Protecting Ourselves From Being Vulnerable

You probably tried your best to fit  in to some people and perhaps you are longing to make some friends with them. Unfortunately, no one seemed to care about you and you feel that you are an outcast, that they seemed not really care about you. Each of the effort that you did to please them did not work. And perhaps the reason why you want to please them is because you may like them.

Sometimes, things are one sided and the goods that you do are not appreciated and you are being overlooked with the things that you did for them. It creates questions to yourself that you might end up to say that is there something wrong with yourself. In this way, this is not an issue about giving or receiving. Not issue that you are a giver and should not expect anything when giving as what others insinuate.

There may be some different reasons of why they couldn't really come across your friendship, in spite of your goodness. But personally I wouldn't know these reasons are.

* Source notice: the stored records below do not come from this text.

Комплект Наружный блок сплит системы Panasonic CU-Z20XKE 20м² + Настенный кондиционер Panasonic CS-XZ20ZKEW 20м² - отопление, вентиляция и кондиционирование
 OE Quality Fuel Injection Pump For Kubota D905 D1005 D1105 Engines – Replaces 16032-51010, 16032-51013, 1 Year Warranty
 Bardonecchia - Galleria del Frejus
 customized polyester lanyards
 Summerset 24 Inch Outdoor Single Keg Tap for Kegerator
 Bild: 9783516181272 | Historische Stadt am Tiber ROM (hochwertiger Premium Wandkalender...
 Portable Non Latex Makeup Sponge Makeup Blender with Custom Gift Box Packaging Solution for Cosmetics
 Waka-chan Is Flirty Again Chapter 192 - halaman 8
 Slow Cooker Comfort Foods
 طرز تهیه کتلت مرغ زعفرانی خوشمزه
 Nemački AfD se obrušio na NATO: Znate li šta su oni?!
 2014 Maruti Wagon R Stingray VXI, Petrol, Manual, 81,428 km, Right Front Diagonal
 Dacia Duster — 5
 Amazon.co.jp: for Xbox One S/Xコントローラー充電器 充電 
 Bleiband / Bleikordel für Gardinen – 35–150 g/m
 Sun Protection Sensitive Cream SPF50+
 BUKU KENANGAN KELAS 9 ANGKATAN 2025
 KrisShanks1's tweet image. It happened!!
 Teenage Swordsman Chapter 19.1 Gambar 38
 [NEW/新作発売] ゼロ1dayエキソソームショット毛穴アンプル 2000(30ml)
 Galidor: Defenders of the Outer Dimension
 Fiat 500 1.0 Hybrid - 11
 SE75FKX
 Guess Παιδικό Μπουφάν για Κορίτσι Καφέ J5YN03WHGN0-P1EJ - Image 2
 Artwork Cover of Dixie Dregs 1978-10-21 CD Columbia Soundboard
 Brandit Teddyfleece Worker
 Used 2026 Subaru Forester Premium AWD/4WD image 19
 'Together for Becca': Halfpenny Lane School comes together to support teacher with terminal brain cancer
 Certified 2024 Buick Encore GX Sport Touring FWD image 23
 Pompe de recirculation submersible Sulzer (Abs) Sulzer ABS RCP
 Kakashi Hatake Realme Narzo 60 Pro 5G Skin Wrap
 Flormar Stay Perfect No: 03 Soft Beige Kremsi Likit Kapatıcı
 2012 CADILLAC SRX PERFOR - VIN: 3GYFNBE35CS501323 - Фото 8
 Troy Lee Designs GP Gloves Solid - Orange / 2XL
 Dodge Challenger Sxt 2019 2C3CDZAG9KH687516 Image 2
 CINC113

You are just being FLEXIBLE and you can always adjust to any kind of personality that you may have encountered.

But to the people who may seemed to be "choosy" perhaps they could not relate on you, and maybe they have a different likes they are looking for some criteria in order to fit in to their tastes.

Sometimes the friendship are being compromised in spite of having a "like-minded" or similarities with them. But we don't really know the reason behind.

And when you are practicing what is ought to dismantle your ego, you might probably think that sometimes if it is deemed necessarily, you may have to use your ego to shield yourself from being vulnerable. And this could be probably a good defense to protect own self.

So it's not always bad to say or do, when people doesn't like you, you can also dislike them. This is a normal actuation use as your own defense.